TASK: Retype, character for character, the line containing "Moncler Solid Color" along with each line after it through the end of the data, and only those.

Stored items
>>>>

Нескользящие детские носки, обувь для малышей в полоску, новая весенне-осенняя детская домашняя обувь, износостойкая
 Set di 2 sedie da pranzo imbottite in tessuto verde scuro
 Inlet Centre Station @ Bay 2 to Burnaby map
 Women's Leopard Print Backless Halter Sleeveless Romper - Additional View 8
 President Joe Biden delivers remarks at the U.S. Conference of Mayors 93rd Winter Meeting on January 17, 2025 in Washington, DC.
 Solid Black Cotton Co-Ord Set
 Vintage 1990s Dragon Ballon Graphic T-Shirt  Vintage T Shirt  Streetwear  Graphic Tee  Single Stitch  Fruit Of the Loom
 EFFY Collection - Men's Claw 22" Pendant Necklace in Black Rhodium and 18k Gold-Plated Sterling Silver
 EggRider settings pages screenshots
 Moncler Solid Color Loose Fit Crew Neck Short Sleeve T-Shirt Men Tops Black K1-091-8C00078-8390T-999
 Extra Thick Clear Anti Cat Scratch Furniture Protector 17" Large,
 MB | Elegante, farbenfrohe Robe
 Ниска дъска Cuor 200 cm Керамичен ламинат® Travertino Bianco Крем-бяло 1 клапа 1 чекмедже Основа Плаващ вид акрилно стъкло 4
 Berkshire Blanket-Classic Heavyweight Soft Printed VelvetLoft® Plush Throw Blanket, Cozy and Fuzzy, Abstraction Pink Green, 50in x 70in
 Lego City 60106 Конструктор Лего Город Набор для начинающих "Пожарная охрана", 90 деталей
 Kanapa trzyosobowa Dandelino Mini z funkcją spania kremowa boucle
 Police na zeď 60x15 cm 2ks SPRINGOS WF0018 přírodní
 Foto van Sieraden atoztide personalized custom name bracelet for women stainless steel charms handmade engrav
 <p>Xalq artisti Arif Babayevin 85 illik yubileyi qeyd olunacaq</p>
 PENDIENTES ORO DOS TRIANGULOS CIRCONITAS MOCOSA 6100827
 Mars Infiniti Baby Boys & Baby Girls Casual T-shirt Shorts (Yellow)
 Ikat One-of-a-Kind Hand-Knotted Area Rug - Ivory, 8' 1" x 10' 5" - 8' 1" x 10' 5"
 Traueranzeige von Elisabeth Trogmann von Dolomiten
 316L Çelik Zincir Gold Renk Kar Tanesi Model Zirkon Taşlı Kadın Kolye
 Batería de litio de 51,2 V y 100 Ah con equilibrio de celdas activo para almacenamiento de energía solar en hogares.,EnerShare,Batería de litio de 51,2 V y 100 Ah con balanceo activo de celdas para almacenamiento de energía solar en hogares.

<<<<

RESULT:
 Moncler Solid Color Loose Fit Crew Neck Short Sleeve T-Shirt Men Tops Black K1-091-8C00078-8390T-999
 Extra Thick Clear Anti Cat Scratch Furniture Protector 17" Large,
 MB | Elegante, farbenfrohe Robe
 Ниска дъска Cuor 200 cm Керамичен ламинат® Travertino Bianco Крем-бяло 1 клапа 1 чекмедже Основа Плаващ вид акрилно стъкло 4
 Berkshire Blanket-Classic Heavyweight Soft Printed VelvetLoft® Plush Throw Blanket, Cozy and Fuzzy, Abstraction Pink Green, 50in x 70in
 Lego City 60106 Конструктор Лего Город Набор для начинающих "Пожарная охрана", 90 деталей
 Kanapa trzyosobowa Dandelino Mini z funkcją spania kremowa boucle
 Police na zeď 60x15 cm 2ks SPRINGOS WF0018 přírodní
 Foto van Sieraden atoztide personalized custom name bracelet for women stainless steel charms handmade engrav
 <p>Xalq artisti Arif Babayevin 85 illik yubileyi qeyd olunacaq</p>
 PENDIENTES ORO DOS TRIANGULOS CIRCONITAS MOCOSA 6100827
 Mars Infiniti Baby Boys & Baby Girls Casual T-shirt Shorts (Yellow)
 Ikat One-of-a-Kind Hand-Knotted Area Rug - Ivory, 8' 1" x 10' 5" - 8' 1" x 10' 5"
 Traueranzeige von Elisabeth Trogmann von Dolomiten
 316L Çelik Zincir Gold Renk Kar Tanesi Model Zirkon Taşlı Kadın Kolye
 Batería de litio de 51,2 V y 100 Ah con equilibrio de celdas activo para almacenamiento de energía solar en hogares.,EnerShare,Batería de litio de 51,2 V y 100 Ah con balanceo activo de celdas para almacenamiento de energía solar en hogares.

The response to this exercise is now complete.